#### Exercise directions
From the first line of the listing below to the line containing "3rd image of 2126 Kelsey Ln", write out everything exactly. No pictures.

##########

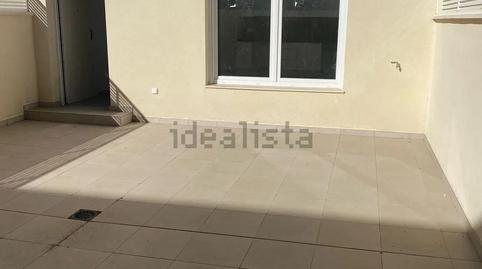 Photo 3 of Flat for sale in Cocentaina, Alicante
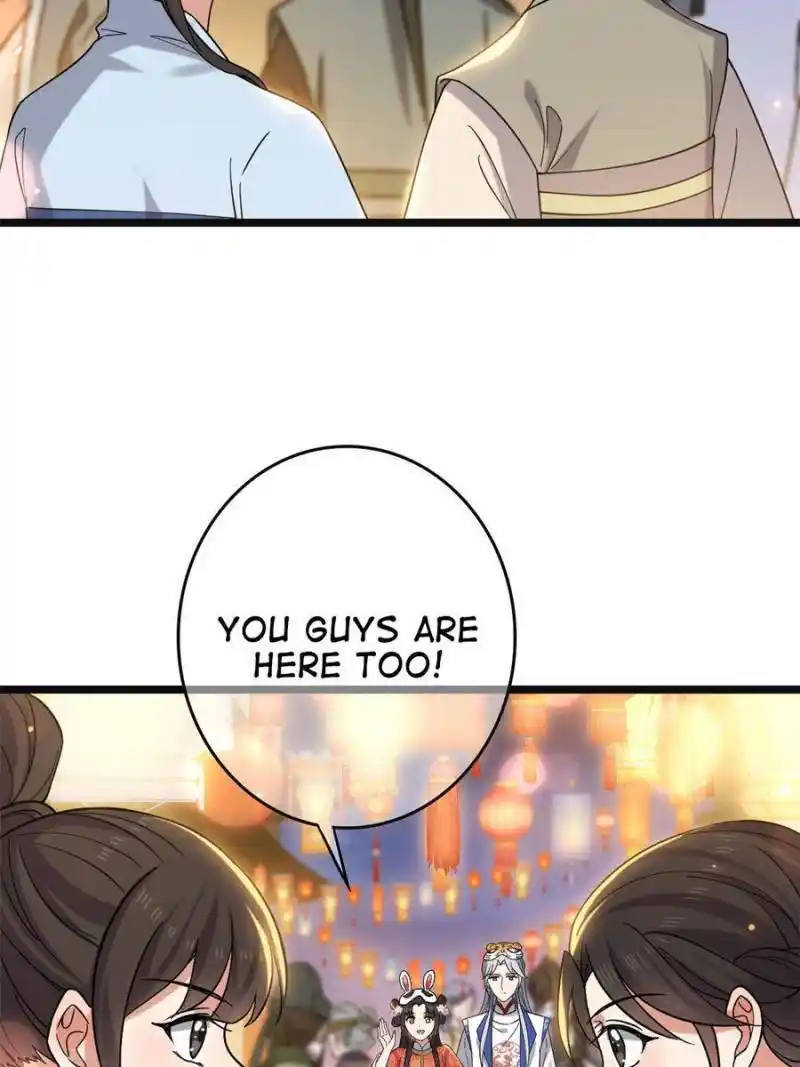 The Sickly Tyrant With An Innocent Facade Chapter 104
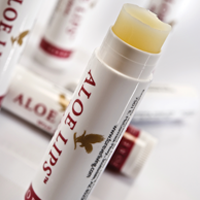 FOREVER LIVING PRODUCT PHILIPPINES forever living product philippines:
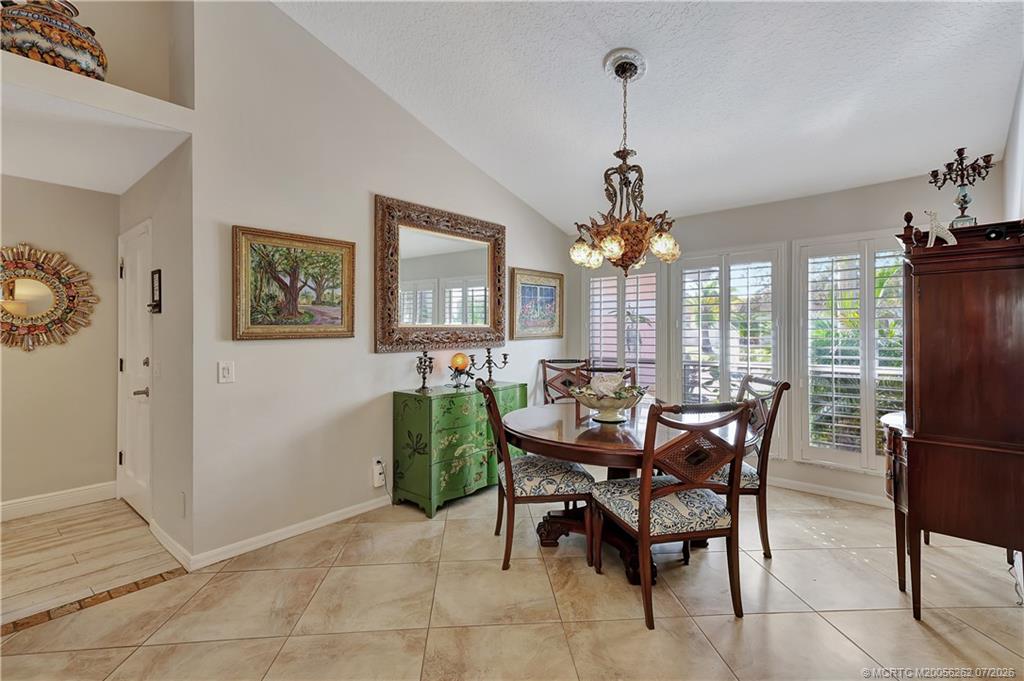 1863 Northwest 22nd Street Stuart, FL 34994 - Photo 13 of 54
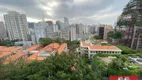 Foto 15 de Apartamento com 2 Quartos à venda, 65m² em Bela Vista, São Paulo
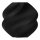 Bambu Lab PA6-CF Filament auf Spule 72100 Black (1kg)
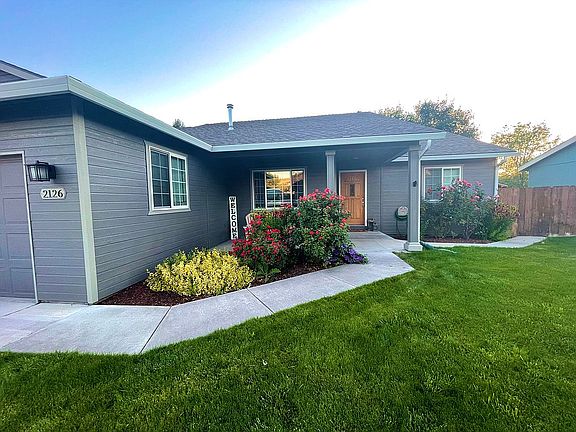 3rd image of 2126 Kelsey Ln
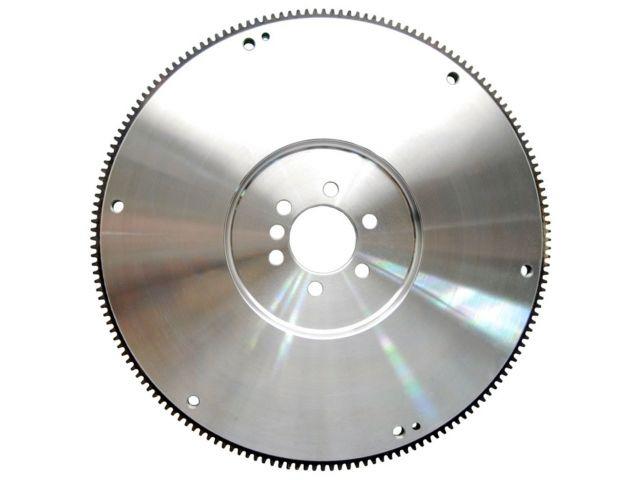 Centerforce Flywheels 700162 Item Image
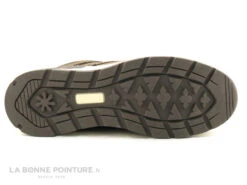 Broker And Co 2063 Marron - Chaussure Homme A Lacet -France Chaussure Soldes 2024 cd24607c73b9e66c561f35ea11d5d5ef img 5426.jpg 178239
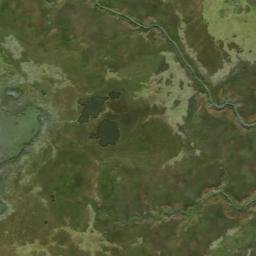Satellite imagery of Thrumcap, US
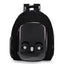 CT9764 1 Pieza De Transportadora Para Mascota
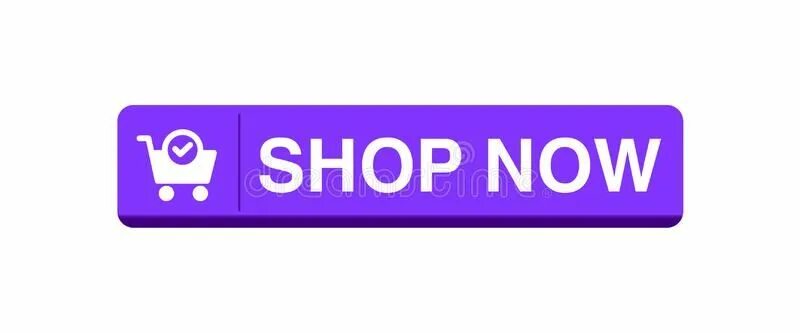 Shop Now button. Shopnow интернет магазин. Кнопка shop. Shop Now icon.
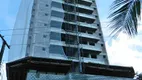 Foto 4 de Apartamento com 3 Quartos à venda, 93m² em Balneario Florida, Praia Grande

##########

#### Response below
 Photo 3 of Flat for sale in Cocentaina, Alicante
 The Sickly Tyrant With An Innocent Facade Chapter 104
 FOREVER LIVING PRODUCT PHILIPPINES forever living product philippines:
 1863 Northwest 22nd Street Stuart, FL 34994 - Photo 13 of 54
 Foto 15 de Apartamento com 2 Quartos à venda, 65m² em Bela Vista, São Paulo
 Bambu Lab PA6-CF Filament auf Spule 72100 Black (1kg)
 3rd image of 2126 Kelsey Ln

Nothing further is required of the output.